**WHAT IS REQUIRED**
Once the line containing "Vintage Swedish Forsilvr" is found in the records below, return it and each following line exactly, up to and including the line containing "Fabric & Jute", and nothing else.

**AVAILABLE RECORDS**
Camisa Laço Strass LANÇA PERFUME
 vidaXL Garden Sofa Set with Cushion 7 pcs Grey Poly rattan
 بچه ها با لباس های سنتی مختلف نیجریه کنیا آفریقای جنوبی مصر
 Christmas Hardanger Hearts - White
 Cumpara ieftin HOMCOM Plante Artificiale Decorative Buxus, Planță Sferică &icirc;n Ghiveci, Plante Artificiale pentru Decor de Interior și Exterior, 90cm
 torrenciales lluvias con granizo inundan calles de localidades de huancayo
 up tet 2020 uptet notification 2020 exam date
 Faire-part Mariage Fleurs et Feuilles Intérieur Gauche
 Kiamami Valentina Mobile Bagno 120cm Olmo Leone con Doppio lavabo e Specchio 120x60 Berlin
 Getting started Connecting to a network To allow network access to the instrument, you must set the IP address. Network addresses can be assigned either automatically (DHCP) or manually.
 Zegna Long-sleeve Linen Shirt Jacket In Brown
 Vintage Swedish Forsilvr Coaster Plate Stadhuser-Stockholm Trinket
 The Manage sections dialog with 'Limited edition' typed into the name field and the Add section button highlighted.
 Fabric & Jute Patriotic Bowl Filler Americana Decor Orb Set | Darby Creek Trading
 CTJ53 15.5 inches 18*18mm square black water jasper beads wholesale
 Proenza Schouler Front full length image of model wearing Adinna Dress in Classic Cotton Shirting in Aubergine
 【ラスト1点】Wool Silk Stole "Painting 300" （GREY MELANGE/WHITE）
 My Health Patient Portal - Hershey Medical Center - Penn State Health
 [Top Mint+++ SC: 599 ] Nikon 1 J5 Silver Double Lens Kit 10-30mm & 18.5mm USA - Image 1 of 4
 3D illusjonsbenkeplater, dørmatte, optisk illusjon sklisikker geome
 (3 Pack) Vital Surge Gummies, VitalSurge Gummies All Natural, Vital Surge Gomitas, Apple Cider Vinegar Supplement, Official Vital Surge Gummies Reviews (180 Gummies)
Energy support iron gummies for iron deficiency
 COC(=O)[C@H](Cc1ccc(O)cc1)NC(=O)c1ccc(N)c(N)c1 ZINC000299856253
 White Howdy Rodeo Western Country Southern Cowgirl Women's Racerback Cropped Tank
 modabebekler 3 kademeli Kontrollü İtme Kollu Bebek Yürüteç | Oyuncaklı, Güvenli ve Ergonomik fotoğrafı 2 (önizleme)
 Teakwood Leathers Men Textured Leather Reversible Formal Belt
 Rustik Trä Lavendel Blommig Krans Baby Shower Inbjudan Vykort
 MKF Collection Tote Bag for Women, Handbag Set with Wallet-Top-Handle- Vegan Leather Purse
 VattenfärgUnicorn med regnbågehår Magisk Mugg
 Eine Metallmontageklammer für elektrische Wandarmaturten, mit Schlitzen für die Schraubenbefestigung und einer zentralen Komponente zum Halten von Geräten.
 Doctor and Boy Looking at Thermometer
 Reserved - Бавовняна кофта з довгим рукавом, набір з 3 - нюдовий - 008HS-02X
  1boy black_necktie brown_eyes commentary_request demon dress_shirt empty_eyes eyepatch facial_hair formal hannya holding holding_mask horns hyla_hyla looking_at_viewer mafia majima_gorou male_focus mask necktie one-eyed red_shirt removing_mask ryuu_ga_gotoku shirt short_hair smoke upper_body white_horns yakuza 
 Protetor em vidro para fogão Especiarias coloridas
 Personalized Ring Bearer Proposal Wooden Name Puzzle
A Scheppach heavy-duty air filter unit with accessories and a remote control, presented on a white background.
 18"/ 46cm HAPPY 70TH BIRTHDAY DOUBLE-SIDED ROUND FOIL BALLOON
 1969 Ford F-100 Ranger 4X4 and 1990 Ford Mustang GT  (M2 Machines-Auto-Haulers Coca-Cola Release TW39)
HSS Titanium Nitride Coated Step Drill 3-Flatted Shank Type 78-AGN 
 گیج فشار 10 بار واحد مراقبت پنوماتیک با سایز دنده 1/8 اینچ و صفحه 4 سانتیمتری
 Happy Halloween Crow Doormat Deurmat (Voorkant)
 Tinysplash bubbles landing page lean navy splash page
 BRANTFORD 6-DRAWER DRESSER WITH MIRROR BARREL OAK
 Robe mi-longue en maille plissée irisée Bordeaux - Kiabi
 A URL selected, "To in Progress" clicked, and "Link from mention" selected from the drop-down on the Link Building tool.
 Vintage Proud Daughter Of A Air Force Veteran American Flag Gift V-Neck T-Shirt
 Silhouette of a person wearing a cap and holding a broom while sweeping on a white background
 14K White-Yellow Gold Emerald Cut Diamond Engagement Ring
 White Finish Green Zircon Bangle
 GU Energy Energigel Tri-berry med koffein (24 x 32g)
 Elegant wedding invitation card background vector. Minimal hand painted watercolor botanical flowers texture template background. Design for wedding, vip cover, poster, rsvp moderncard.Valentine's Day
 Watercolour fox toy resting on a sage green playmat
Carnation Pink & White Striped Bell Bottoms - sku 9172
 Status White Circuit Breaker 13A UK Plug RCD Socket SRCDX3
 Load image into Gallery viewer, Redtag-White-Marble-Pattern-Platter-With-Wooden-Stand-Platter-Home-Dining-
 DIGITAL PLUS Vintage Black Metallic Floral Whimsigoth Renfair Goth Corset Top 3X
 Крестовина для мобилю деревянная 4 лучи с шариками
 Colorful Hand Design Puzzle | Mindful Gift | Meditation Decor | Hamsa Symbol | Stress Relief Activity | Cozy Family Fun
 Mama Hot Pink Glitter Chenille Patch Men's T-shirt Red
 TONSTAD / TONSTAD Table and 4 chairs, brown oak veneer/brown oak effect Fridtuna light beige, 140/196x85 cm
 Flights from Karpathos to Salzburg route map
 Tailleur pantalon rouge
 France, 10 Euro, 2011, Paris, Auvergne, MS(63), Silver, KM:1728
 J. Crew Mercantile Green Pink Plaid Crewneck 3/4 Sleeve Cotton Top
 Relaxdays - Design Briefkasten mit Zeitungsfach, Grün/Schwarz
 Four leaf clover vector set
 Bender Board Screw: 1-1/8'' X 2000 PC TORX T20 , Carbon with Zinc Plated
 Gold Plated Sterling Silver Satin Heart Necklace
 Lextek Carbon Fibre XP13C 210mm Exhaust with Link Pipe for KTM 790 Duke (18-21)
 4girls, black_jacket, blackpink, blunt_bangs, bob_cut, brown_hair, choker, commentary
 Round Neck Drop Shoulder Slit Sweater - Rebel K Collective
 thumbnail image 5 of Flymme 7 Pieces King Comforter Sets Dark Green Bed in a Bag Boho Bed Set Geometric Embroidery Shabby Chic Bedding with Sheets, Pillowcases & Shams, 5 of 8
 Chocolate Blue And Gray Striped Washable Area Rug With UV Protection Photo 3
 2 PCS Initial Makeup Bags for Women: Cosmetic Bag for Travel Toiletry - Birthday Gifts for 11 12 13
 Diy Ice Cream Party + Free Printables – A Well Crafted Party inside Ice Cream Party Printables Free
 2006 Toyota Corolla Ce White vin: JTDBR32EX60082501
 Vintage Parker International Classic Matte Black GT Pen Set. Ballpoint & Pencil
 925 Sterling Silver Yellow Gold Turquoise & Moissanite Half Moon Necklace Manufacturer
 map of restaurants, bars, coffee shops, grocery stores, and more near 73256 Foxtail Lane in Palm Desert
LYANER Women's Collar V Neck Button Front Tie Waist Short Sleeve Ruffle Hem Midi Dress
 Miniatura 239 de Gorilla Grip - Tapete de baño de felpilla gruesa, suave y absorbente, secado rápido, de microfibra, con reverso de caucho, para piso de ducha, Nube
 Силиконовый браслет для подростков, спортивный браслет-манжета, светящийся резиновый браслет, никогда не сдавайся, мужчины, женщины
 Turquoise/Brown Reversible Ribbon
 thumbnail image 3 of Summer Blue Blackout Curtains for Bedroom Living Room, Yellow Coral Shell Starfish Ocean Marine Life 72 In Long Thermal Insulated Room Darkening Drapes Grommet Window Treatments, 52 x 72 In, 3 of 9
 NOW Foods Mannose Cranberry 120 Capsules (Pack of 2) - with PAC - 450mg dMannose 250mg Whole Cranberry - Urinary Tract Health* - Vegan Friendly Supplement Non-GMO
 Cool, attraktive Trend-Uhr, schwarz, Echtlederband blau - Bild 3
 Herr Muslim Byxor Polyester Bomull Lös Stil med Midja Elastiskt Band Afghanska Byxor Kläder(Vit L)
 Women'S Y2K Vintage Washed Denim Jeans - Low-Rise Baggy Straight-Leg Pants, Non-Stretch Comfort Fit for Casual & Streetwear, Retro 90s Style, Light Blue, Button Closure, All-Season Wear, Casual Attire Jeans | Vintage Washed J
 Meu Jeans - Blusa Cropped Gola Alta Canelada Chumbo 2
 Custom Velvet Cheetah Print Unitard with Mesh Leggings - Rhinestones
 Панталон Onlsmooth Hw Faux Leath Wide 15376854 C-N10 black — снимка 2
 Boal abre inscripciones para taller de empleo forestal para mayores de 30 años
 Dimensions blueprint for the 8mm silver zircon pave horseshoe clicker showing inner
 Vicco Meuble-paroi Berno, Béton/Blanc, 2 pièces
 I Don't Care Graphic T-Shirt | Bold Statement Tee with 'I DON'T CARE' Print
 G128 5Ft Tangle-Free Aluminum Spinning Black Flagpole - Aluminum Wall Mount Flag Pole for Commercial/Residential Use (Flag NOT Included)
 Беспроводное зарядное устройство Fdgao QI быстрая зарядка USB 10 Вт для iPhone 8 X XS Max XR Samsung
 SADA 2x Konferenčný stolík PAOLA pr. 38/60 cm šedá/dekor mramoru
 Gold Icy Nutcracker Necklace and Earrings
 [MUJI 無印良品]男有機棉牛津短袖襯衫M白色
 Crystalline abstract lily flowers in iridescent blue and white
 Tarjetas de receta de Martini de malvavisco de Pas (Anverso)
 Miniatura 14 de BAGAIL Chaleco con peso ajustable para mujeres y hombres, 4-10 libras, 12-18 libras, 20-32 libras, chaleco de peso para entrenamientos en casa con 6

**SOLUTION BELOW**
 Vintage Swedish Forsilvr Coaster Plate Stadhuser-Stockholm Trinket
 The Manage sections dialog with 'Limited edition' typed into the name field and the Add section button highlighted.
 Fabric & Jute Patriotic Bowl Filler Americana Decor Orb Set | Darby Creek Trading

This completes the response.